Now distributing these $n+k$ blocks of data into boxes amounts to partitioning the columns of the matrix $A$ into $m$ subsets. AFAICT data loss occurs, if and only if removal of the columns belonging to the box in question leaves us with a matrix $A'$ that is no longer of full rank $n$. This is because, if the matrix $A'$ were of full rank, we could select a subset of $n$ linearly independent columns. As they form an invertible matrix, data recovery could be done (by e.g. Gaussian elimination).
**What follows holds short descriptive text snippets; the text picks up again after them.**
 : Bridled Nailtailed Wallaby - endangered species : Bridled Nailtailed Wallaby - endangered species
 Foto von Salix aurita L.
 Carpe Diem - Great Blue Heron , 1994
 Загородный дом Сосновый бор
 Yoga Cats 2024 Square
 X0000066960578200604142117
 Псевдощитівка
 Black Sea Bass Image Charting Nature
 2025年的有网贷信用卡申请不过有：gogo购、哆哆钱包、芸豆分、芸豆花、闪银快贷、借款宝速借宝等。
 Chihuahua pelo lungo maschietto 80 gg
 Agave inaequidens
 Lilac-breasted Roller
Is this what you have in mind? This seems to be closely related to erasure correction/recovery codes, and you may benefit from using that as a buzzword, when searching for more information.
Before we get serious, let me describe a toy example of the above. Let $$ A=\left(\begin{array}{ccccccc} 1&0&0&0&1&1&0\\ 0&1&0&0&0&1&1\\ 0&0&1&0&1&1&1\\ 0&0&0&1&1&0&1 \end{array}\right) $$ be this matrix that some of you will recognize as the generaotr matrix of the the $[7,4,3]$ Hamming code. Here the last 3 columns tell that the first check block is constructed by XORring data blocks 1,3 and 4, the second check block by XORring data blocks 1,2,3 and the last check block by XORrin data blocks 2,3,4.
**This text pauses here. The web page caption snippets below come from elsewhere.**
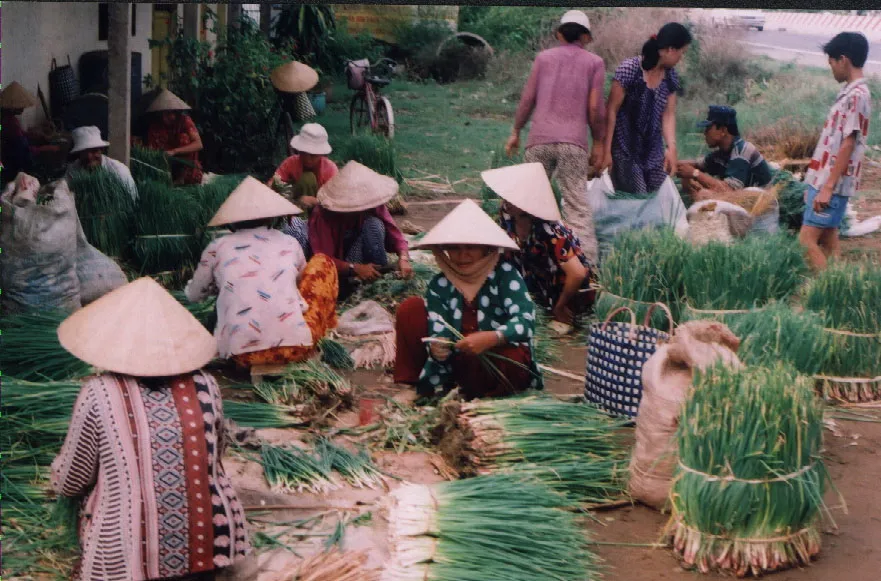 ĐBSCL: Hành lá mùa lũ “sốt” giá ảnh 1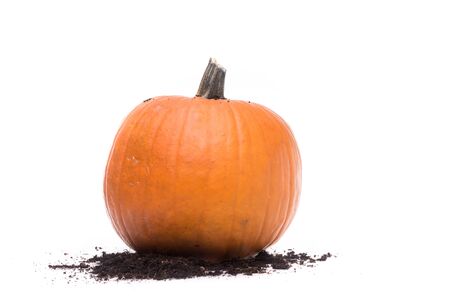 Orange halloween pumpkin on isolated white backgroundの写真素材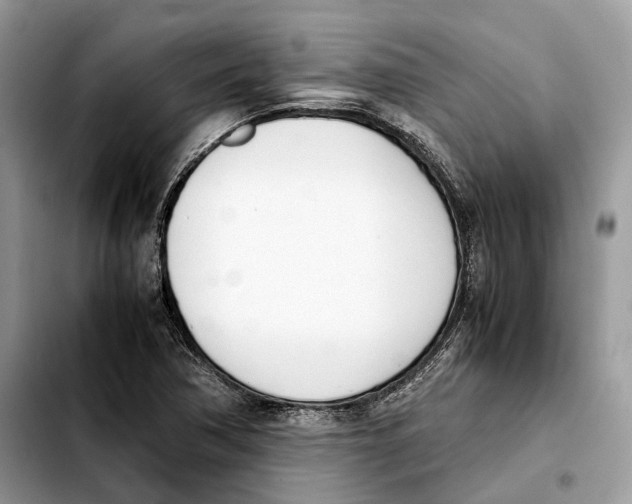 X0000103451362200810101118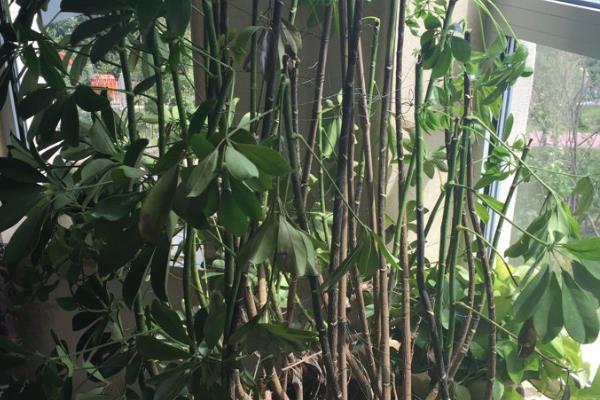 发财树只剩下树干还能不能发芽，若是枝干茂盛且健壮便还能发芽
I claim that in this case using $m=3$ boxes allows us to always recover from the loss of any single box. Put data blocks 1,2 into the first box; data blocks 3,4 into the second box; and all the check blocks into the third box. If we lose the third box, then we obviously have all the data in tact. If we lose the first box, then we can recover data block #1 by XORring the first check block with data blocks 3 and 4, and similarly we can recover data block #2 by XORring the last check block with data blocks 3 and 4. Similarly if we lose the second box, then we can recover the missing data blocks 3 and 4 usigng the the saved check blocks and the saved data blocks 1 and 2.
Because this binary code has minimum Hamming distance 3, it can recover from any two erasures. Therefore I knew in advance that I woudl be able to recover the lost contents of either of the first two boxes.
Please comment. I realize that you may be looking for a different approach. May be one with simpler recovery schemes?